Shippers of Louisiana sweet potatoes and other fruits and vegetables in the path of Hurricane Isaac escaped with minimal negative effects, and some were grateful for much-needed rain.
In the U.S., Isaac struck Florida first, but fruit and vegetable crops in the Sunshine State suffered little damage, said Lisa Lochridge, director of public affairs for the Florida Fruit & Vegetable Association, Maitland.
Sweet potato farms in southwest and central Louisiana received about an inch of rain from Isaac, and farms in northeast Louisiana between 4 and 4 1/2 inches, said Matt Garber, a partner in Garber Farms, Iota, La.
Even fields in the northeast part of the state won’t likely be seriously affected, Garber said, though Isaac-related rains caused some harvest delays as growers waited for fields to dry out.
Fields farmed by Dawson Farms, Delhi, La., received three or four inches of rain from Isaac, said saleswoman Eva Dawson. But other than delays, Dawson said there were no concerns about effects on quality and yields.
“All of our fields are precision-leveled,” she said. “They’re draining very nicely.”

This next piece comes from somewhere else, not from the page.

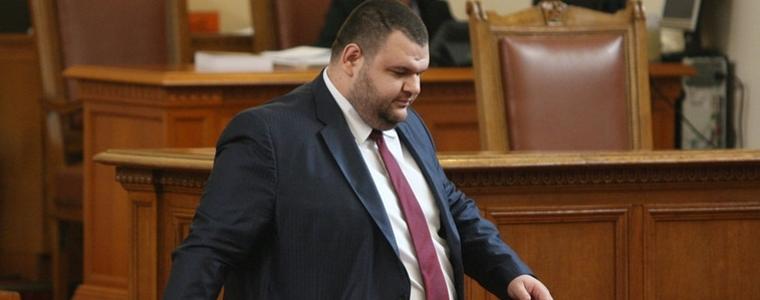 „Досиетата Пандора“: Делян Пеевски е свързан с три офшорни фирми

Dawson also wasn’t worried about the break in harvest hurting Dawson Farms’ ability to market the 2012-13 crop.
Harvest at Dawson Farms began the week of Aug. 20.
Fields farmed by Earl Roy Sweet Potato Co. LLC, Hessmer, La., received just an inch of rain from Isaac, said Cindy Vead, office manager. Fields were hit by wind gusts, but nothing sustained enough to cause any damage, Vead said.
“We were on the good side of the storm,” she said. “We were very fortunate.”
Midwest and East also spared
After soaking Louisiana, Isaac headed north before making a right turn for the East Coast, bringing heavy rains and winds to some regions.
The one to three inches received in Ohio fields farmed by Willard, Ohio-based Buurma Farms Inc. the weekend of Sept. 1-2 were a huge relief, given what a dry summer the area has endured, said Loren Buurma, co-owner.
“We enjoyed having Isaac come through,” he said. “It’s the first time I’ve seen puddles all summer.”
A cilantro field behind Buurma Farms’s packing shed looked like it doubled in size overnight following the rains, Buurma said.
The company will be shipping a full lineup of squash, cucumbers, peppers, pumpkins and other vegetables at least through September.
“It was very beneficial,” Buurma said Sept. 4. “We’ll be hitting on all cylinders for the next month.”